How to manage Stress?
The first thing to do in managing stress is to understand where these feeling are coming from. Take action where you can.
In addition, there are many approaches to deal with stress which include:
- Practicing relaxation techniques: breathing exercises, meditation, prayer, yoga…
- Exercising regularly: You’ll feel better and be more prepared to handle problems.
- Healthy eating.
- Saying no, where you can, to things that would add more stress to your life.
- Making time for hobbies and interests.
- Getting enough rest and sleep. Your body needs time to recover from stressful events.
One other important approach is knowing how to manage your time. For this purpose, you need to:
1. Always use a TO-DO list: Write down all the activities that you long to do more of―whether they’re things that make you happy, relaxed, sane(r), or all three.
2. Set personal goals. This can be very important to manage well your time because goals can give you a path and a vision to work toward. Knowing where to go helps you manage your resources and priorities.
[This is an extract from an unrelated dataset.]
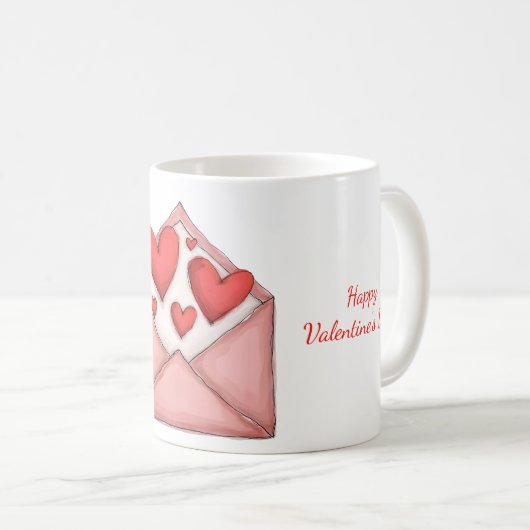 Mug avec le design de la Saint Valentin (Devant droit)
3. Prioritize. It is important to know how to prioritize tasks efficiently in order to manage your time better even though sometimes it is hard to know how to do it especially in front of a flood of urgent tasks…
4. Avoid procrastination. Don’t put off tasks that you can do today for another time. Tell yourself that you are going to start on a project for some minutes. And start!
5. Don’t take too many projects and commitments. This can lead to little performance, to stress and demotivation. Learn to say “yes” to the person but “no” to the task.
6. Avoid multitasking. Take one task at a time and don’t waste your time on working on many simultaneously. This can lead to poor results and errors. Instead focus on one thing and you will get higher quality of work.
8. Take breaks. Don’t think that if you take a break you will be wasting time. On the contrary, this will help you to disconnect and then be able to think more creatively and work efficiently.
Finally, Don’t worry, be happy. According to a recent Real Simple/GfK Roper happiness study, 65 percent of women who say they’re “very happy” make time for themselves. So which comes first, the time or the happiness?